In [221]:
import nltk
from nltk.corpus import stopwords
from nltk.tokenize import word_tokenize, sent_tokenize
from nltk.tag import pos_tag
from nltk.stem import WordNetLemmatizer
from nltk.corpus import wordnet as wn
import random

# Ensure all necessary NLTK data is downloaded
#nltk.download('stopwords')
#nltk.download('punkt')
#nltk.download('averaged_perceptron_tagger')
#nltk.download('wordnet')
#nltk.download('omw-1.4')
word_dict ={}
# Function to map NLTK's POS tags to WordNet's POS tags
def get_wordnet_pos(treebank_tag):
    if treebank_tag.startswith('J'):
        return wn.ADJ
    elif treebank_tag.startswith('V'):
        return wn.VERB
    elif treebank_tag.startswith('N'):
        return wn.NOUN
    elif treebank_tag.startswith('R'):
        return wn.ADV
    else:
        return wn.NOUN  # Default to noun if not found

# Initialize lemmatizer
lemmatizer = WordNetLemmatizer()

# Clean and normalize a word by removing non-alphanumeric characters
def clean_word(word):
    return ''.join(char for char in word if char.isalnum())

# Process the sentence: clean it, remove stopwords, lemmatize, and find synonyms
sentence = "Such an amazing movie cannot complain."
stop_words = set(stopwords.words('english'))

# Tokenize, clean, and remove stopwords
words = [clean_word(word) for word in word_tokenize(sentence.lower()) if word.lower() not in stop_words and word.isalnum()]

# POS tagging
tagged_words = pos_tag(words)

# Lemmatize words based on their POS tags
lemmatized_words = [lemmatizer.lemmatize(word, pos=get_wordnet_pos(tag)) for word, tag in tagged_words]
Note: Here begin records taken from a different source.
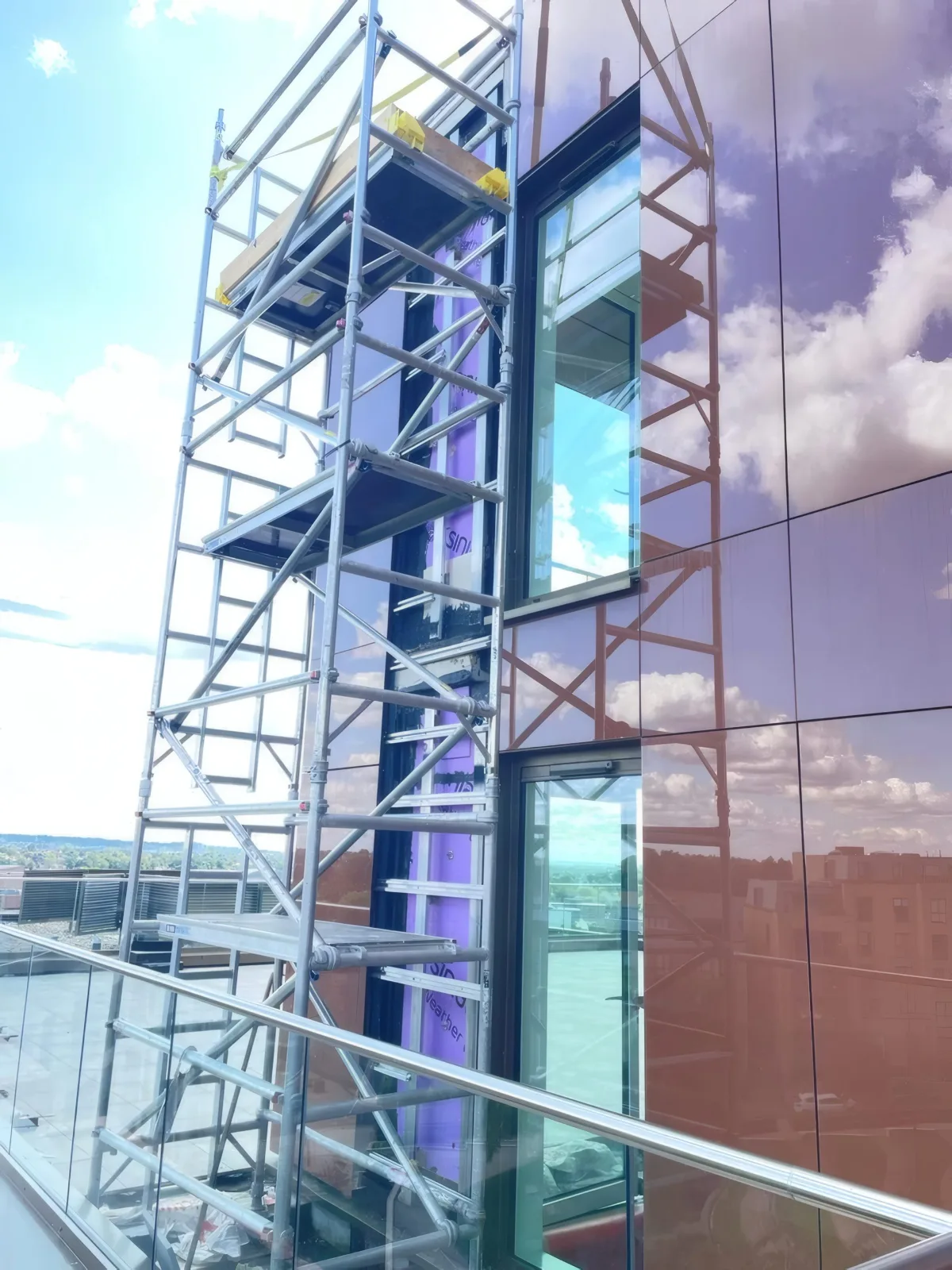 Access tower positioned at a glazed balustrade and feature cladding corner during installation.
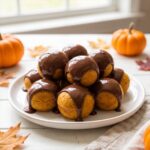 A plate of chocolate glazed Pumpkin Donut Holes.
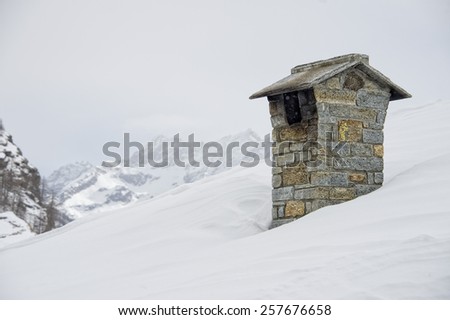 mountain house roof with smoking chimney on the deep white snow background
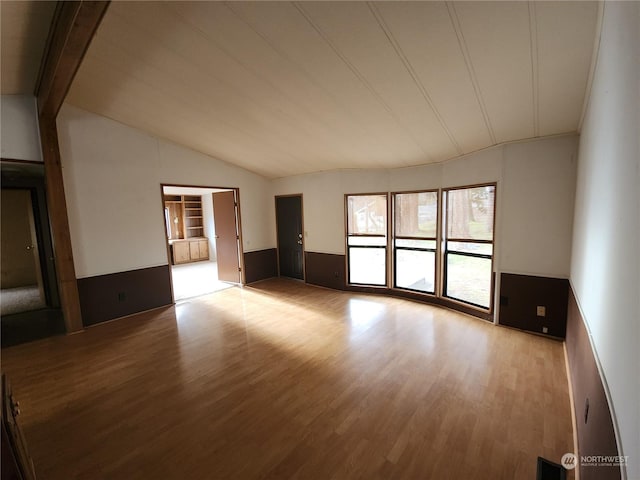 spare room with vaulted ceiling and light hardwood / wood-style flooring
# Function to find synonyms and calculate similarity
def find_synonyms_and_similarity(word, pos):
    base_synsets = wn.synsets(word, pos=pos)
    if not base_synsets:
        print(f"No synsets found for {word}.")
        return
    
    base_synset = base_synsets[0]  # Use the first synset as the base for comparison
    synonyms = set()
    similarities = {}

    for synset in wn.synsets(word, pos=pos):
        for lemma in synset.lemmas():
            synonym = lemma.name()
            if synonym != word:
                synonyms.add(synonym)
                synonym_synsets = wn.synsets(synonym, pos=pos)
                if synonym_synsets:
                    similarity = base_synset.wup_similarity(synonym_synsets[0])
                    if similarity is not None:
                        similarities[synonym] = similarity
    
    for synonym, similarity in similarities.items():
        if word_dict.get(word) is None:
            word_dict[word] = [] 
        word_dict[word].append([synonym,similarity])
# Print synonyms and similarity scores for each lemmatized word
for word, tag in tagged_words:
    wordnet_pos = get_wordnet_pos(tag)
    find_synonyms_and_similarity(word, wordnet_pos)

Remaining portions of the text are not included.